Lillian Nayder, who I had heard speak before at a meeting of The Friends of Dickens New York, gave a talk called "Dickensian Jottings" about how Dickens's celebrity has frequently moved his marginal notes to center stage, and allowed his postscripts to replace scripts. I was particularly intrigued by the last talk of the session, in which Rebecca Mitchell spoke on the famous "Dolly Varden" dress inspired by the character in Barnaby Rudge. The style was based on the polonaise dresses popular in the 18th century, but it received a revival in the nineteenth century after it was worn by the actress Augusta Thomson as Dolly Varden in an 1866 stage adaptation of Barnaby Rudge.

The Dolly Varden dress caused quite a craze in the 1870s. Many songs were composed about it, and you can see the cover of some sheet music for one at left. The Franco-Prussian War might have had some affect on the craze, since the latest fashions from Paris where temporarily unavailable. When Dickens died in 1870, though, one of the items in his estate was a painting of Dolly Varden William Powell Frith had done in the 1840s.
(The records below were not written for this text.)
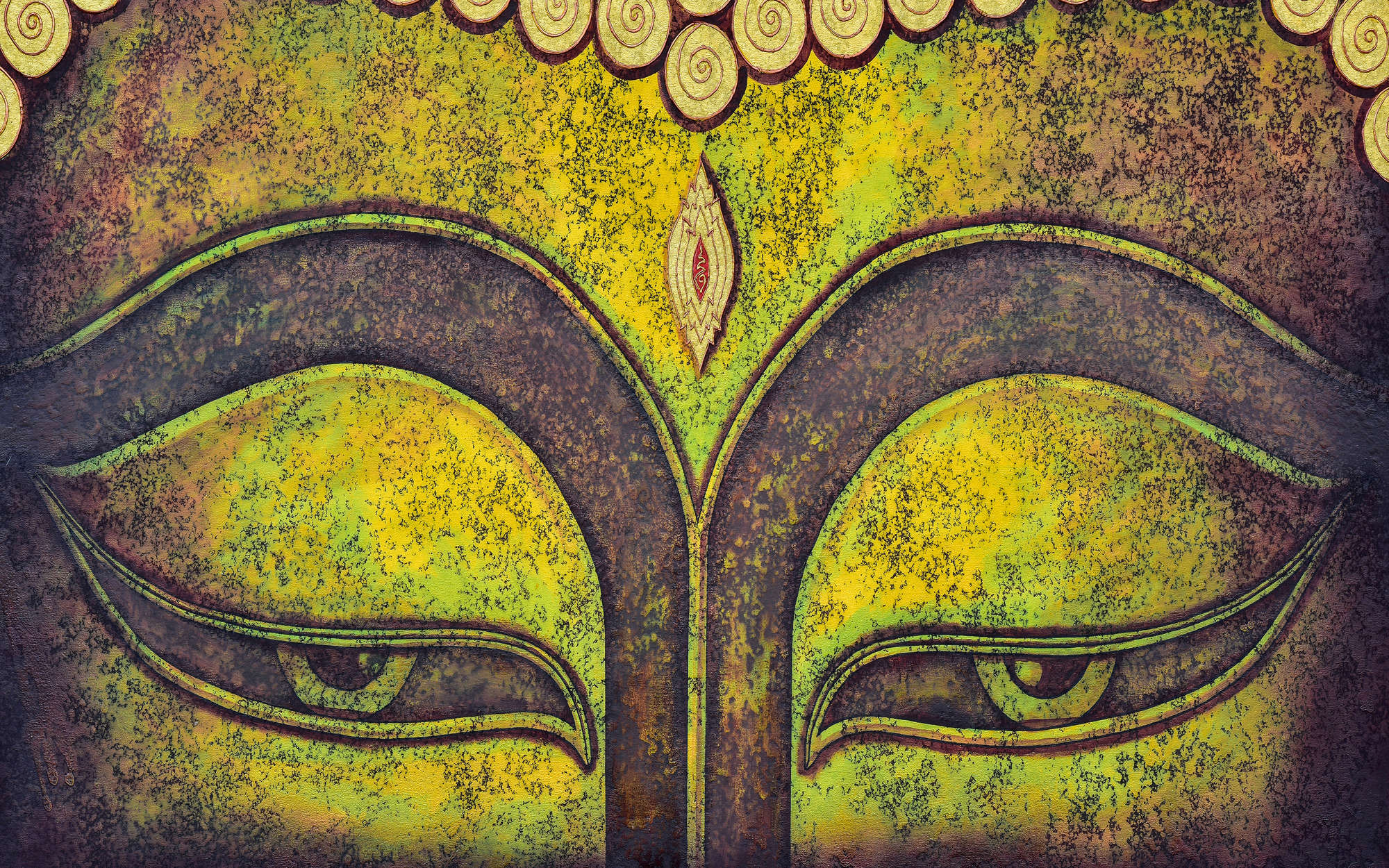            Digital behang Detail van Boeddha-gezicht - Strukturenvlies
        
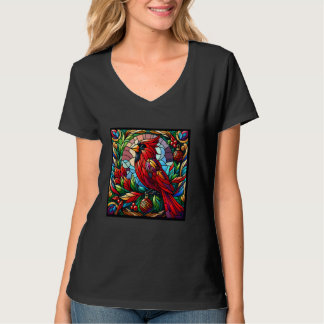 Camiseta Navidades de pájaro del cardenal rojo de vidrio ma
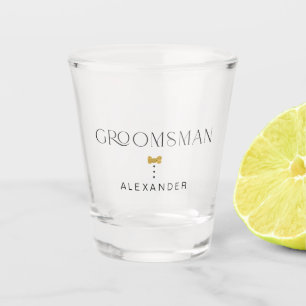 Modern Chic Art Deco Groomsman Gold Bow Tie Name Shot Glass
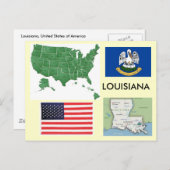 Carte Postale Louisiane, États-Unis (Devant / Derrière)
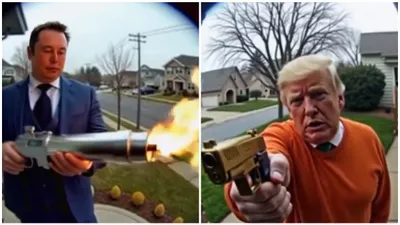 ai generated footage shows elon musk and donald trump in criminal scenarios  a satirical look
After that sale, the style became all the rage.

If you're still around on Sunday at noon, one of the last sessions of the MLA conference will be "Revolutionary States: George Bernard Shaw, 1918." Jennifer Buckley is presiding, and I'll be giving a second paper called "Staging Immortality in 1918: Bernard Shaw and Luigi Antonelli." The paper takes a comparative approach to dramatic responses to the end of World War I and the emergence of state communism, examining Shaw's Back to Methuselah and the Italian playwright Luigi Antonelli's A Man Confronts Himself.

I gave a similar talk at the Comparative Drama Conference in Baltimore in 2014, but did some new research that has changed the focus of my comparison. I will be joined by Virginia Costello talking about Shaw and Emma Goldman, Martin Meisel talking about Shaw and Sean O'Casey, and Ellen Dolgin talking about Shaw and J.M. Barrie. Hope to see you there!